By way of an introduction to this issue of e-flux journal, I would like to discuss the changes in our understanding and perception of art engendered by conceptual art practices of the 1960s and 1970s, focusing not on the history of conceptual art or individual works, but rather on the ways in which the legacy of these practices remains relevant for us today.
I would argue that from today’s perspective, the biggest change that conceptualism brought about is this: after conceptualism we can no longer see art primarily as the production and exhibition of individual things—even readymades. However, this does not mean that conceptual or post-conceptual art became somehow “immaterial.” Conceptual artists shifted the emphasis of artmaking away from static, individual objects toward the presentation of new relationships in space and time. These relationships could be purely spatial, but also logical and political. They could be relationships among things, texts, and photo-documents, but could also involve performances, happenings, films, and videos—all of which were shown inside the same installation space. In other words, conceptual art can be characterized as installation art—as a shift from the exhibition space presenting individual, disconnected objects to a holistic exhibition space in which the relations between objects are the basis of the artwork.
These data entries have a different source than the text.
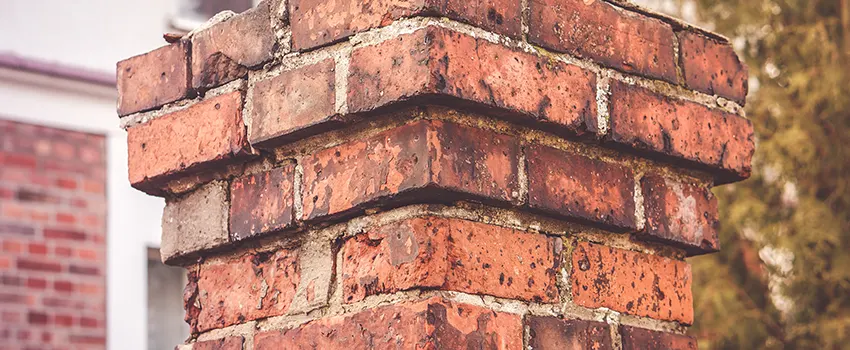 Cracked Chimney Bricks Repair Cost in North Arlington, New Jersey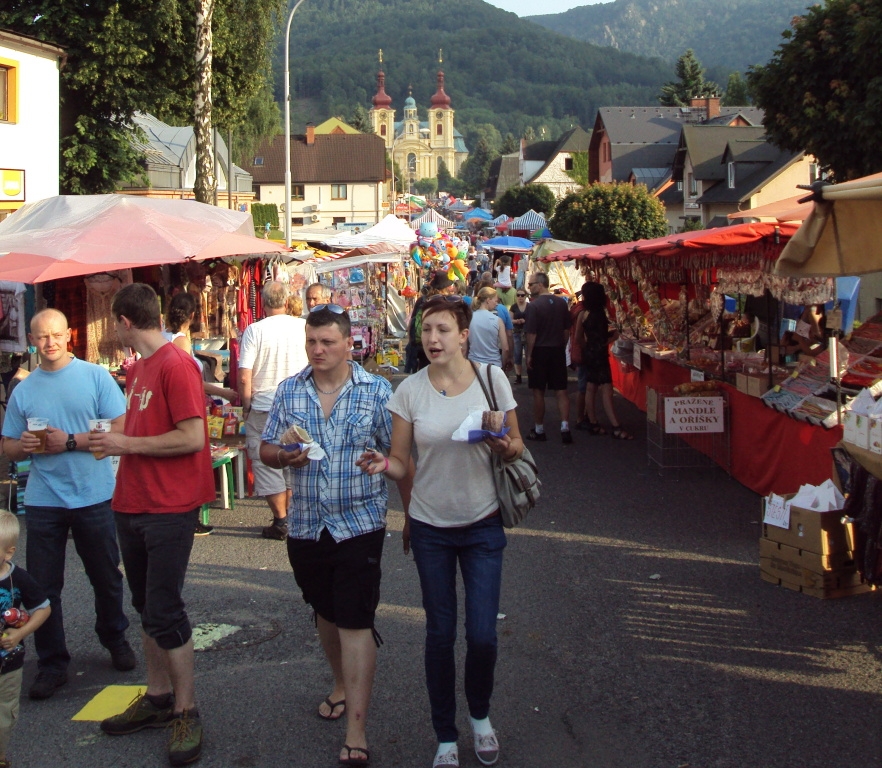 Slavnosti v Hejnicích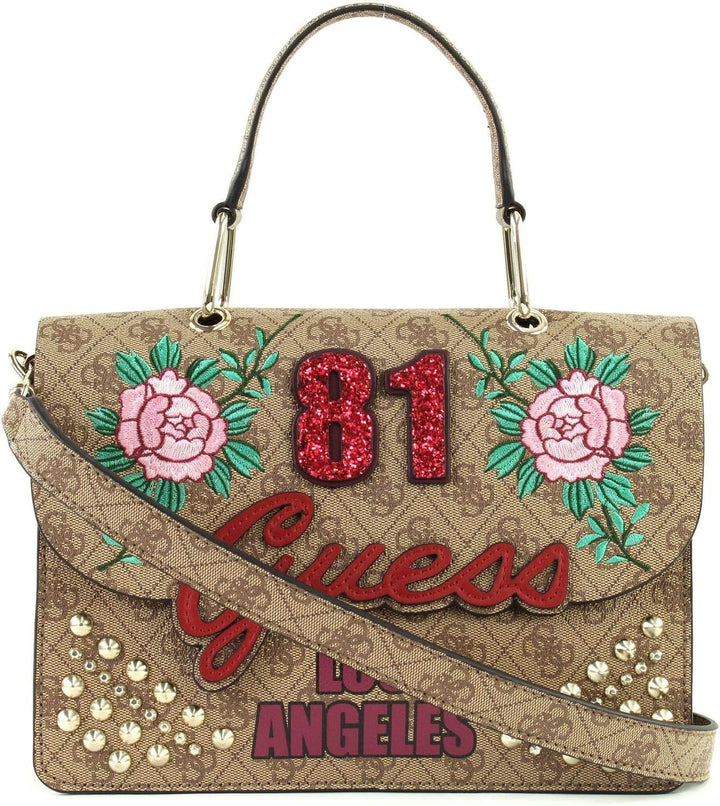 Guess Handtaschen Damen, Farbe Braun, Marke, Modell Handtaschen Damen HWEL71 Braun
One can say that objects and events are organized by an installation space like individual words and verbs are organized by a sentence. We all know the substantial role that the “linguistic turn” played in the emergence and development of conceptual art. Among other currents, the influence of Wittgenstein and French Structuralism on conceptual art practice was decisive. This influence of philosophy and later of so-called theory on conceptual art cannot be reduced to the substitution of textual material for visual content—nor to the legitimations of particular artworks by theoretical discourses. Rather that the installation space itself was reconceived by conceptual artists as a sentence conveying a certain meaning—in ways analogous to the use of sentences in language. Following a certain period of the dominance of a formalist understanding of art, with the appearance of conceptual art, artistic practice became meaningful and communicative again. Art began to make theoretical statements again, to communicate empirical experiences, to formulate ethical and political attitudes and to tell stories. Thus, rather than art beginning to use language, it began to be used as language—with a communicative and even educative purpose.
But this new orientation toward meaning and communication does not mean that art became somehow immaterial, that its materiality lost its relevance, or that its medium dissolved into message. The contrary is the case. Every art is material—and can be only material. The possibility of using concepts, projects, ideas and political messages in art was opened by the philosophers of the “linguistic turn” precisely because they asserted the material character of thinking itself. Thinking was understood by these philosophers as the operation and manipulation of language. And language was understood by them as thoroughly material—a combination of sounds and visual signs. Now the real, epoch-making achievement of conceptual art becomes clear: it demonstrated the equivalence, or at least a parallelism, between language and image, between the order of words and the order of things, the grammar of language and the grammar of visual space.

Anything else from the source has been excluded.